Post any negative personal comments about another user ... and they will be deleted.

Post flame baiting comments about the blue, red and green team and they will be deleted.

Enjoy ...

MU_Engineer · Jan 19, 2012

But again, you still need to be doing multiple events at the same time for threading to have any real impact. And very few work-heavy workloads can be easily broken up into smaller units running in parallel, because most jobs end up being a series of sequential events.

For example, when we first got quads, the thought was that you could write a game with the audio, rendering, physics, and AI engines each running on a different CPU. Sounds like a nice scheme, until you realise that the audio is almost totally dependent on the other three engines, and AI, physics, and rendering all interact with eachother in some fashon, which limits how much of their workloads can be done without needed some form of syncromization [which can take a VERY long time if one of those threads is pre-empted by the OS, in which case your application is basically stuck in a waiting state. Thankfully, Windows typically doesn't pre-empt high workload forground application threads...].

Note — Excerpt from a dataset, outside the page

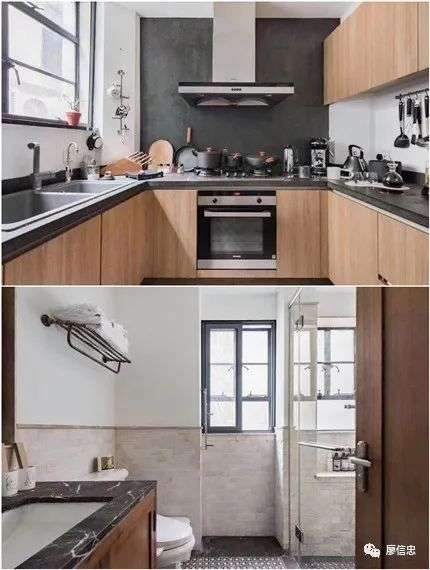 上海老洋房只分两种味道：霉味和钱味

Farther, with more heavy workload threads running, you usually require a LOT more memory access at any one point in time, which, in 32-bit .exes or low memory systems, can result in a lot of paging, bringing HDD IO waits into the equation. [Moving to native 64-bit .exe's would help solve this problem though...]. You also need to put a LOT more thought on what the CPU decides to cache in the L2, which can have a huge impact on performance [especially if theres a lot of paging going on].

Point being, the "simple" scheme of stuffing each game engine on a different core got very complex very quickly. And HEAVEN FORBID your AV decides now is a good time to start on the 4th core, in which case you've just tanked you application performance. [Using more cores has the negative side effect of increasing the chances of a total application bottleneck if another application starts to execute on that same core, forcing you app to a waiting state. If your other threads are stuck in a syncronization state, you are basically dead].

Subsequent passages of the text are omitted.